The only thing wrong with President Bush's call for a Mideast peace conference is that it comes so late in the game that it looks more like a desperation ploy than a serious effort at finding a solution to a problem that has bedeviled presidents for 60 years.
Bush announced the initiative as part of an effort to support Palestinian President Mahmoud Abbas and begin working toward creation of a Palestinian state. It's an important effort, but it was important years ago, when Abbas was fighting for control of the Palestinian government, such as it is, and it was important before Bush embarked on his half-baked plan to invade Iraq and remake the Middle East.
This president has badly fumbled foreign policy, but this effort is worth making, as a way to move forward in the Middle East and also to begin the hard work of restoring this country's reputation.
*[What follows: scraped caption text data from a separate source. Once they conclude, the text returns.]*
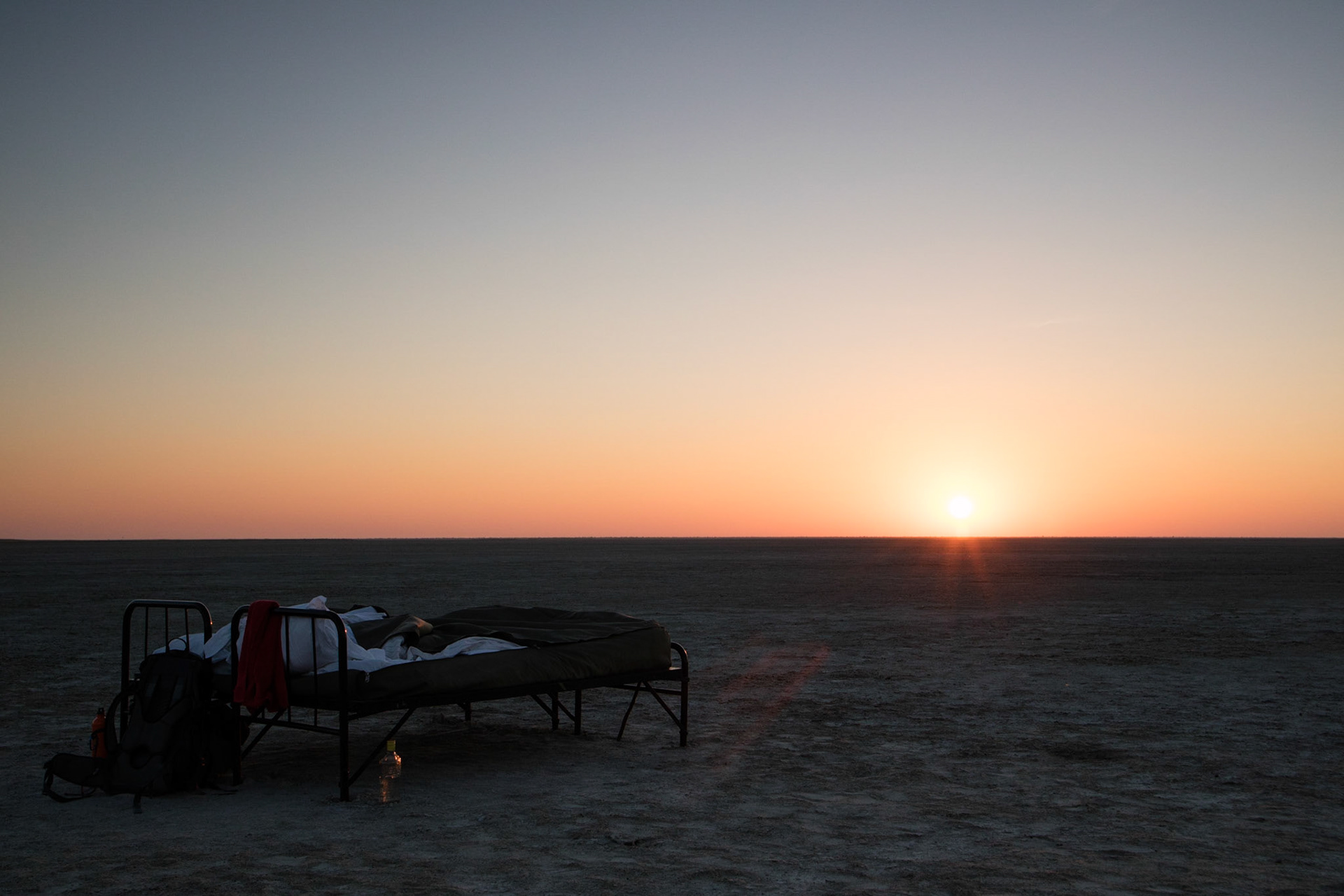 Waking up to sunrise on the Makgadikgadi salt pan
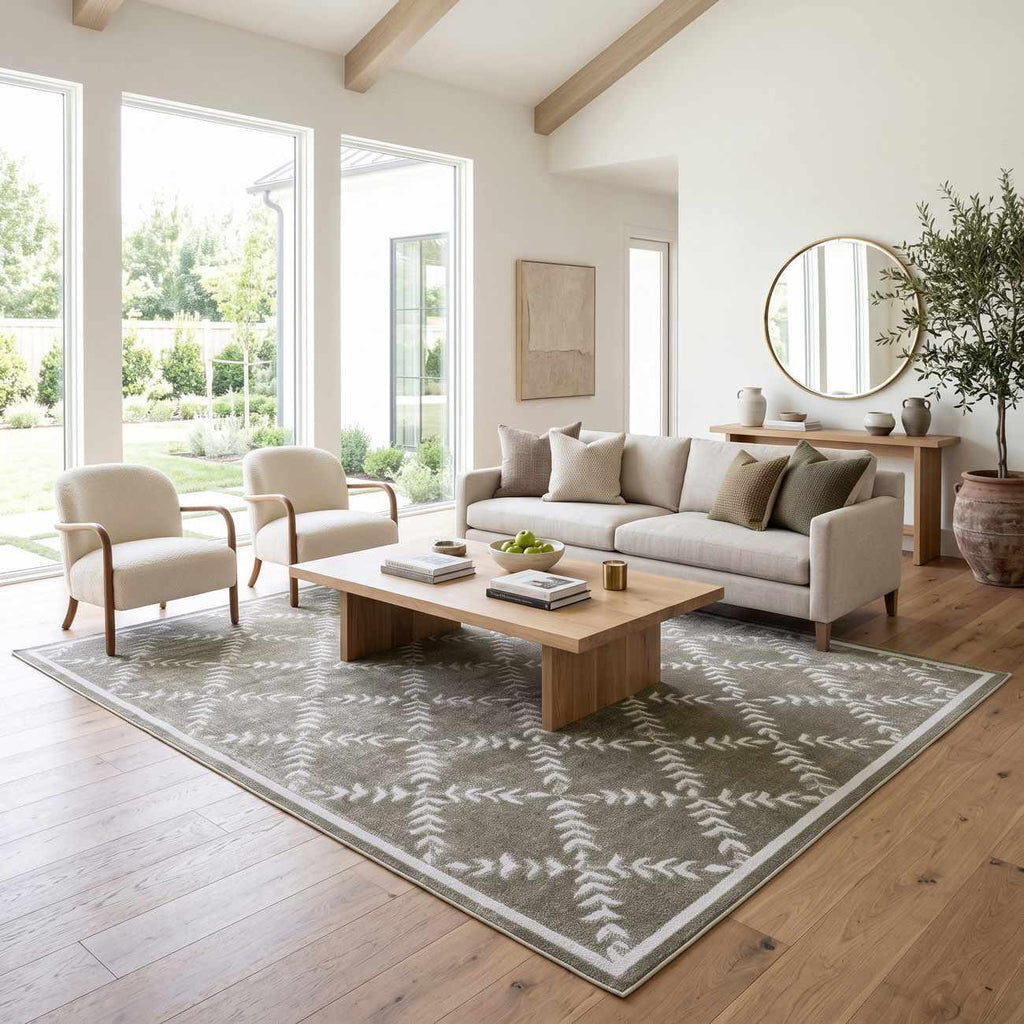 Donier Green Geometric Washable Area Rug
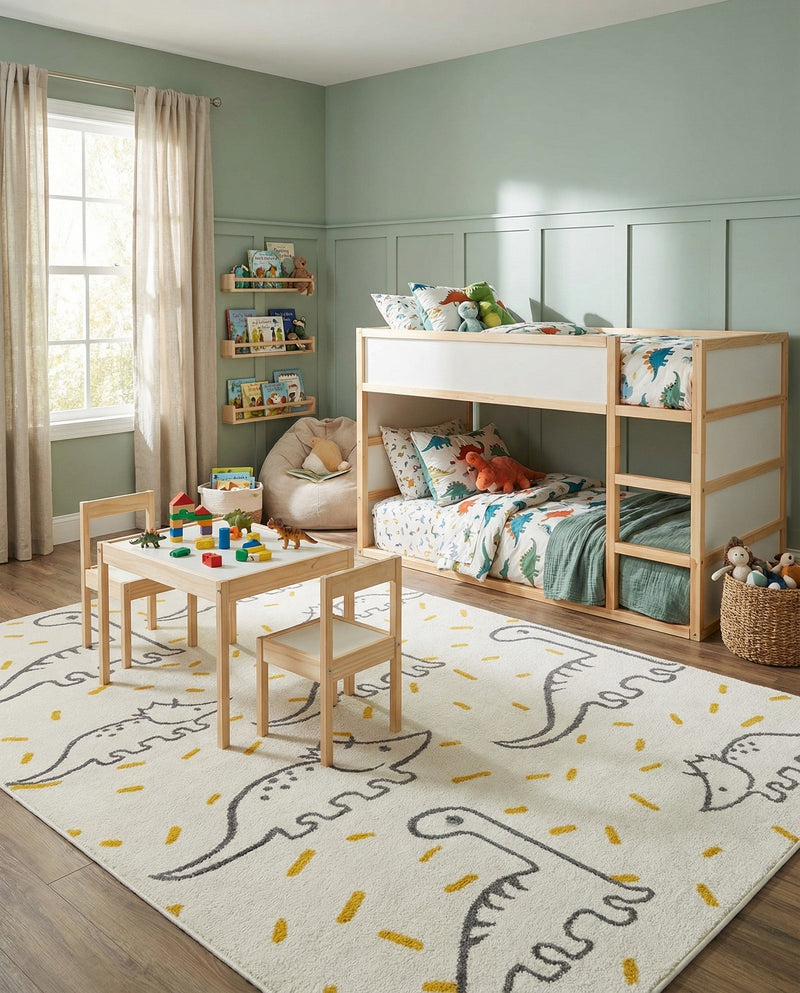 Wonder Tykes Collection Area Rug -  Jamboree Rectangle Ivory  lifestyle 7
The conference is to be led by Secretary of State Condoleezza Rice and would include, if all accept, representatives from Israel, the Palestinian West Bank and several Arab countries, though they have not yet been named.
Prospects for any kind of success are certainly remote, in light of the failure of every past effort at Middle East peace. Even prospects for its occurrence are questionable, given the skepticism of such nations as Syria and even Israel, which qualified its support on the not-insensible notion that it's hard to talk about peace while Hamas continues to attack Israelis. Hamas would be excluded from the conference.
The plan may, in some ways, be seen as the Bush administration's tacit admission that the war in Iraq was not the miracle cure that administration officials had touted. The theory leading up to the war -- and well after formal combat ended -- was that the United States would help create a functioning democracy in Iraq, at the very center of the dysfunctional Islamic world, and that freedom would flow like honey across the region. It didn't happen.
There were many reasons for that, but one was because the Bush administration bungled the occupation of Iraq, allowing terrorists and insurgents to destabilize the country ever since the initial combat phase of this war ended successfully more than four years ago. That miscalculation is emblematic of this administration's record of incompetence. It is a record that offers little hope for the success of this new effort.
Still, it is important to try, and Rice has shown a pragmatism that is unusual for survivors of this administration. If it doesn't succeed on its own, it may lay the groundwork for future efforts. That's not much, but it may have to be enough.